### Provided records

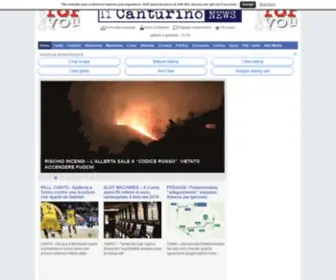 Canturino.com(Il Canturino news) Screenshot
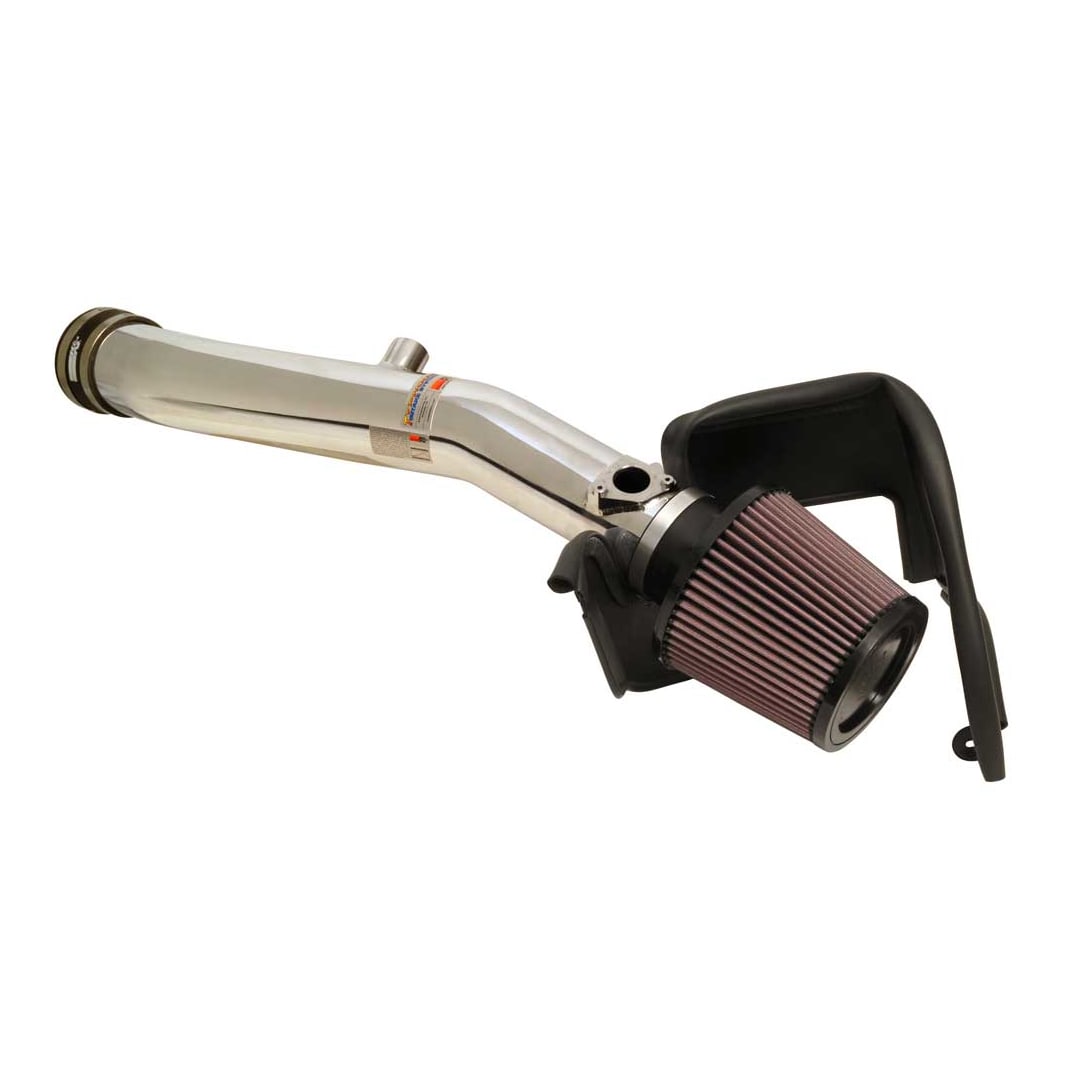Cold Air Intake - High-flow, Aluminum Tube - LEXUS IS250/IS350, V6-2.5/3.5L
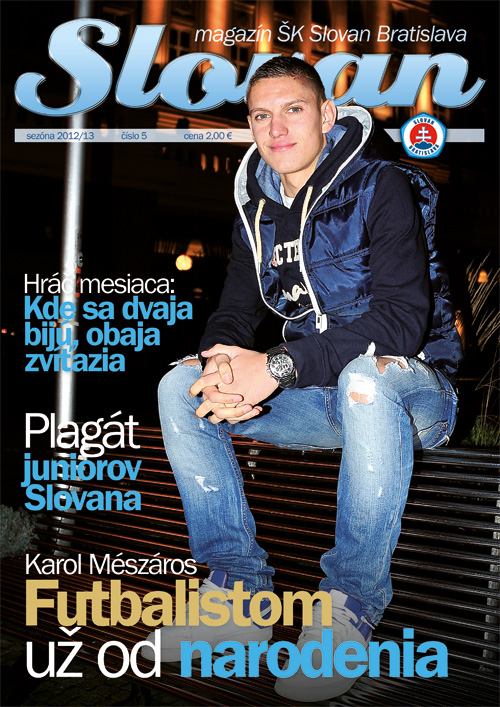 ŠK Slovan magazín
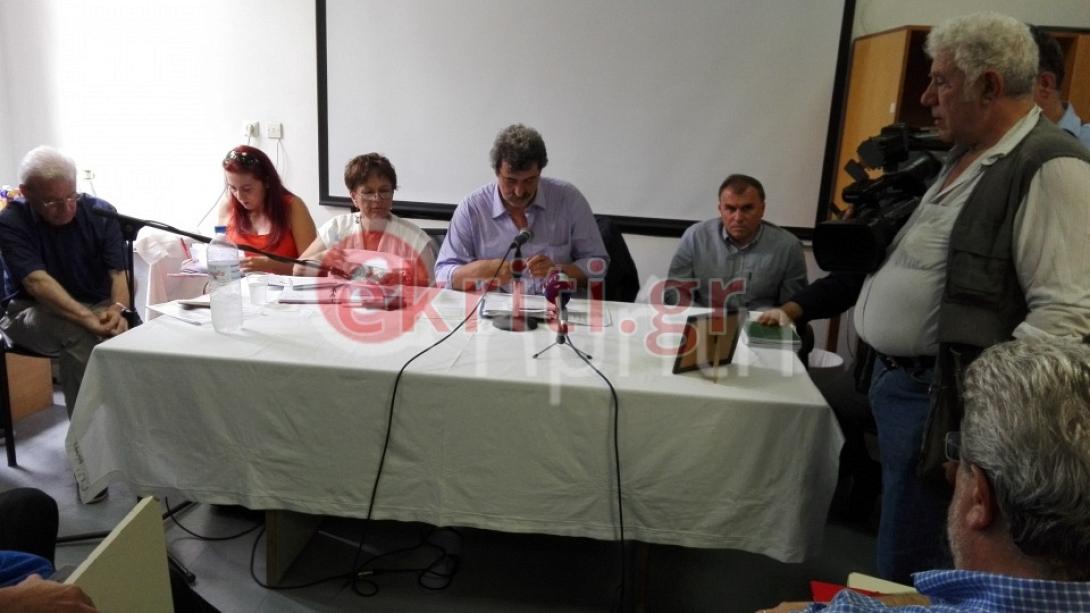 πολακης,ιεραπετρα,διονελλης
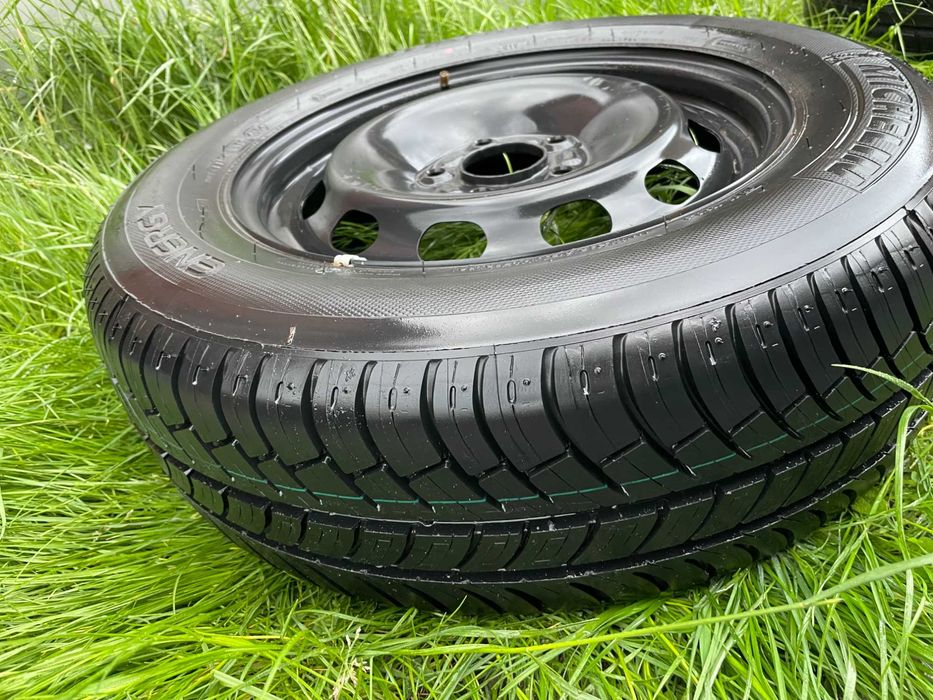 FORD FOCUS GALAXY C MAX Koło Zapasowe 195/65 R 15  ET 55.5 nowe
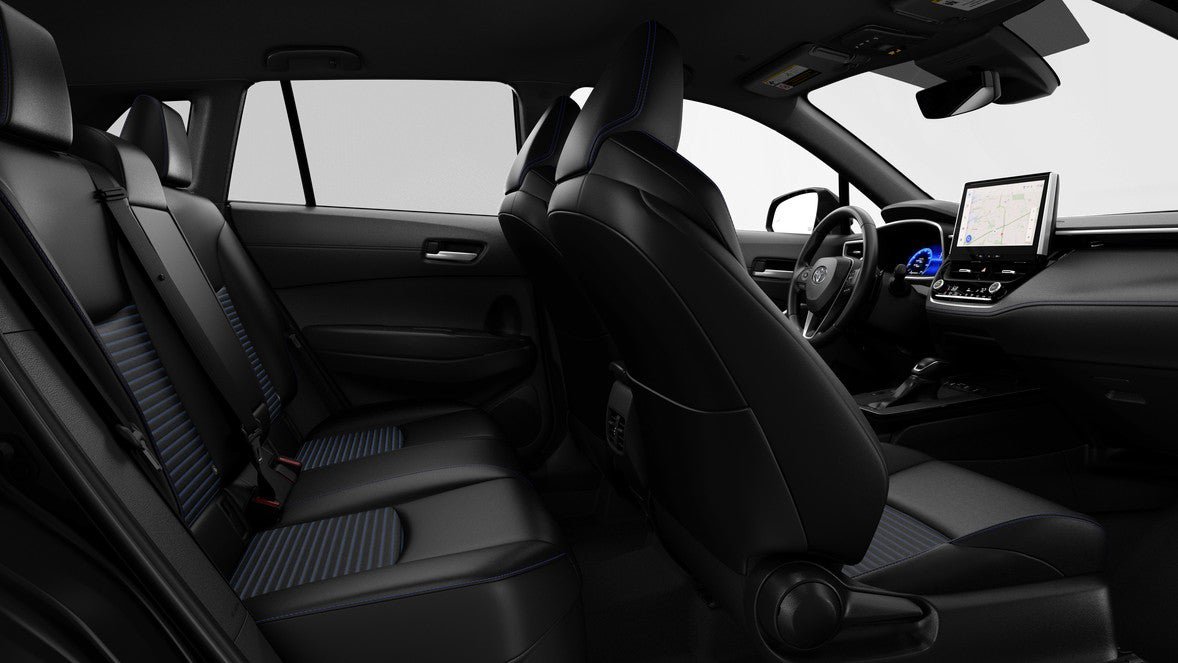 New 2026 Toyota Corolla Cross AWD Hybrid image 8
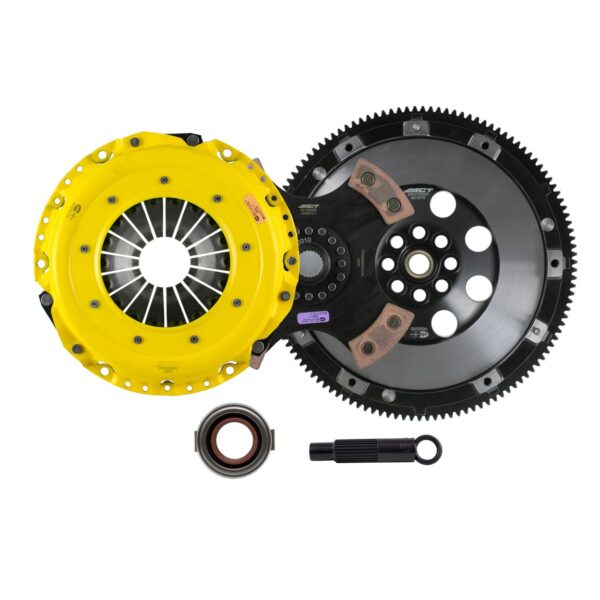 ACT HD/Race Rigid 4 Pad Kit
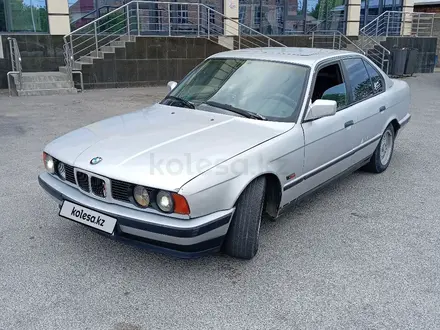 BMW 525 1992 годаүшін1 200 000 тг. в Шымкент – фото 2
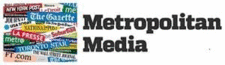 Logo Distribution Metropolitan Media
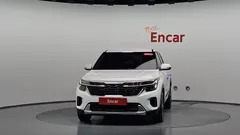 2023 Kia Seltos Gasoline 1.6 Turbo 2WD — фото 3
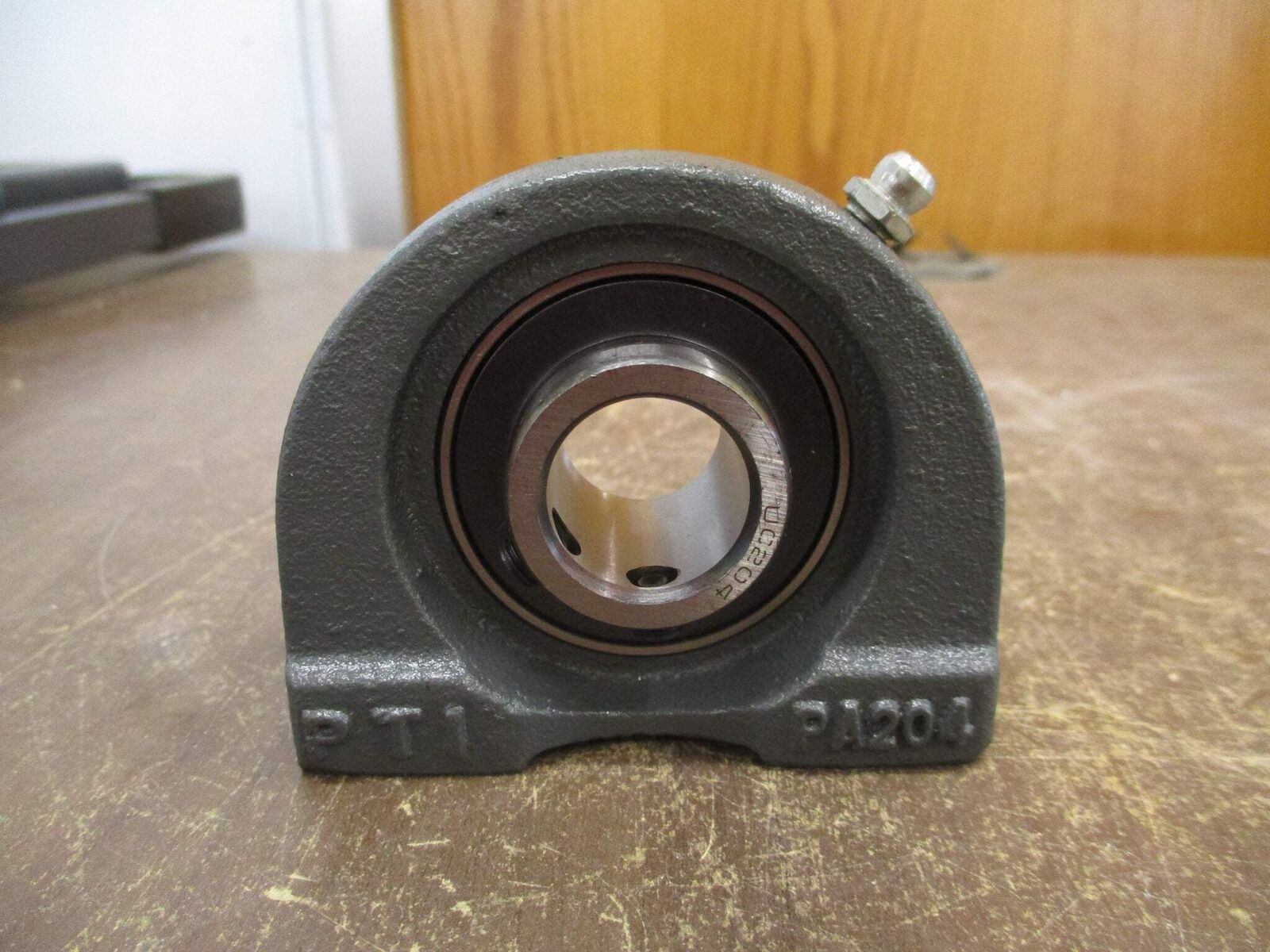 PTI Pillow Block Bearing PA204 New Surplus
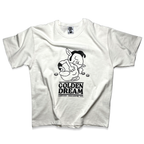 GOLDEN DREAM T-SHIRT (IVORY)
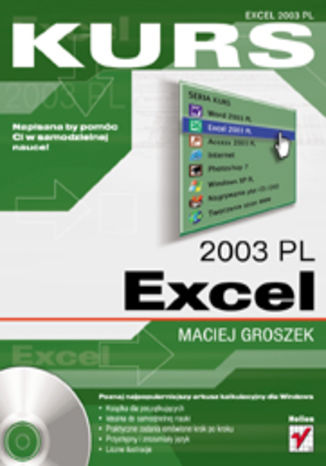 Excel 2003 PL. Kurs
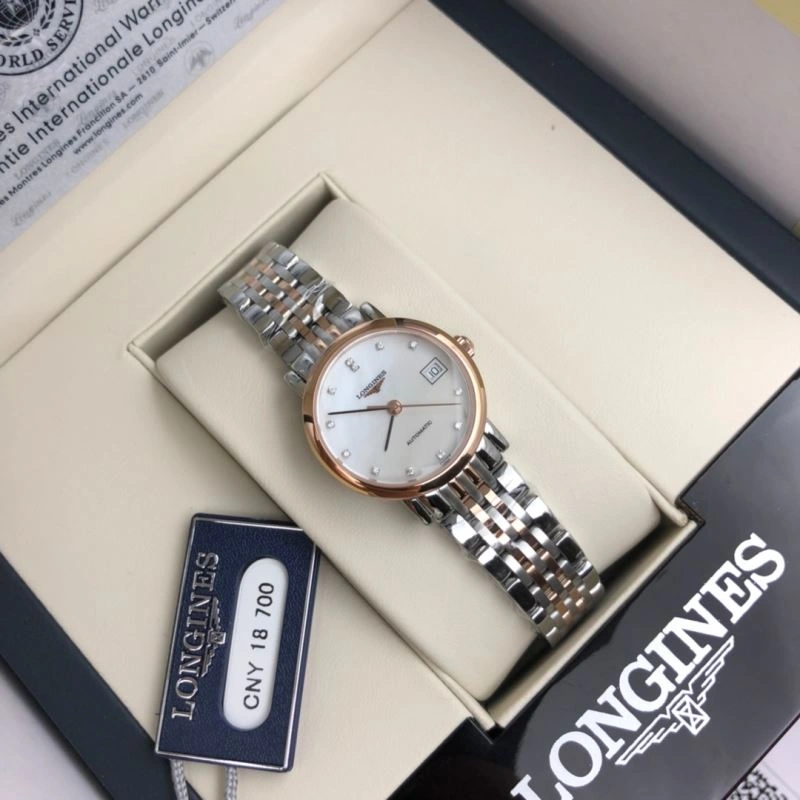 Minimalist LONGINES Watches 189256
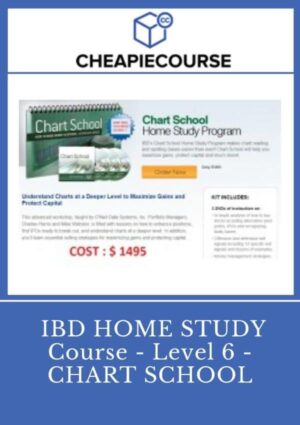 IBD Home Study Course - Level - Chart School
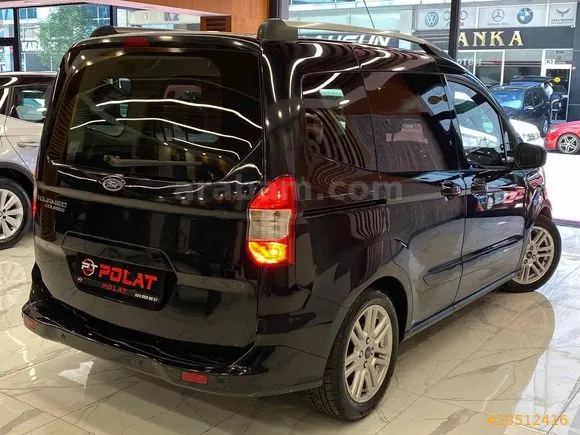 Ford Tourneo Courier 1.6 TDCi Titanium Plus Image 5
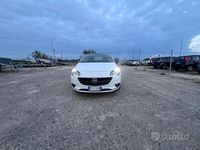 Occasion Opel Corsa 90 ch (66 kW) 2017 Blanc Citadine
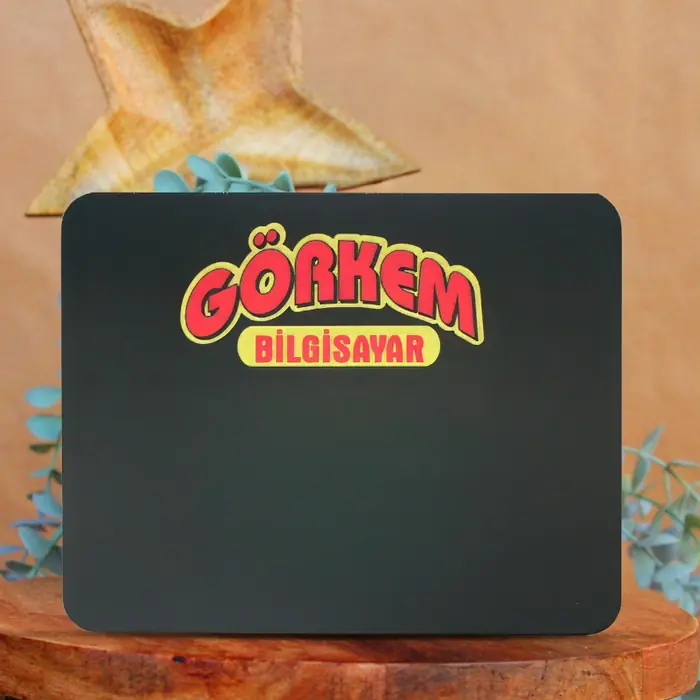Dikdörtgen Mousepad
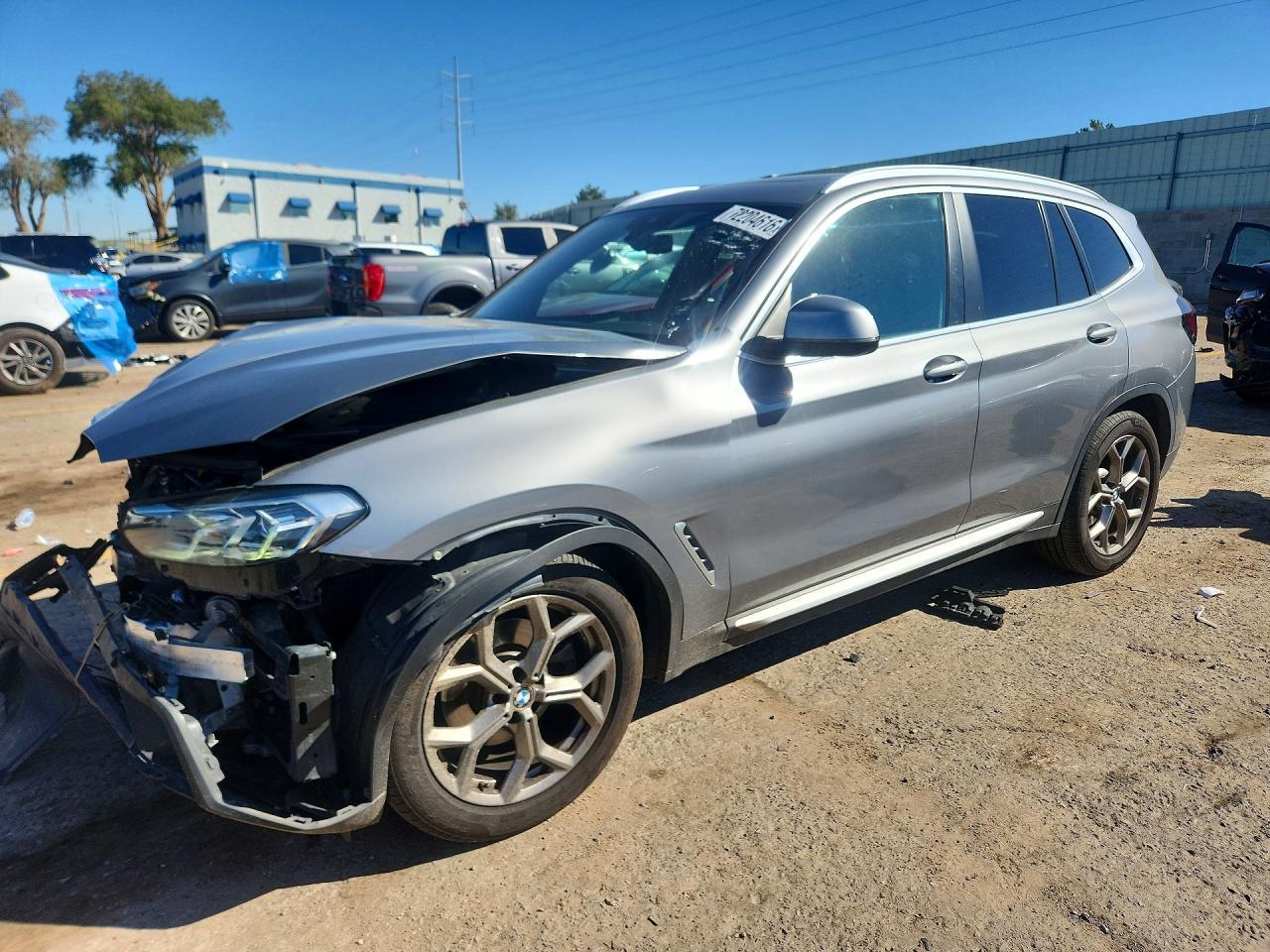 2023 BMW X3 Sdrive30I - zdjęcie główne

######

What the task asks: Transcribe the listing exactly; omit all images.

Output:
 Canturino.com(Il Canturino news) Screenshot
Cold Air Intake - High-flow, Aluminum Tube - LEXUS IS250/IS350, V6-2.5/3.5L
 ŠK Slovan magazín
 πολακης,ιεραπετρα,διονελλης
 FORD FOCUS GALAXY C MAX Koło Zapasowe 195/65 R 15  ET 55.5 nowe
 New 2026 Toyota Corolla Cross AWD Hybrid image 8
 ACT HD/Race Rigid 4 Pad Kit
 BMW 525 1992 годаүшін1 200 000 тг. в Шымкент – фото 2
 Logo Distribution Metropolitan Media
 2023 Kia Seltos Gasoline 1.6 Turbo 2WD — фото 3
 PTI Pillow Block Bearing PA204 New Surplus
 GOLDEN DREAM T-SHIRT (IVORY)
 Excel 2003 PL. Kurs
 Minimalist LONGINES Watches 189256
 IBD Home Study Course - Level - Chart School
 Ford Tourneo Courier 1.6 TDCi Titanium Plus Image 5
 Occasion Opel Corsa 90 ch (66 kW) 2017 Blanc Citadine
Dikdörtgen Mousepad
 2023 BMW X3 Sdrive30I - zdjęcie główne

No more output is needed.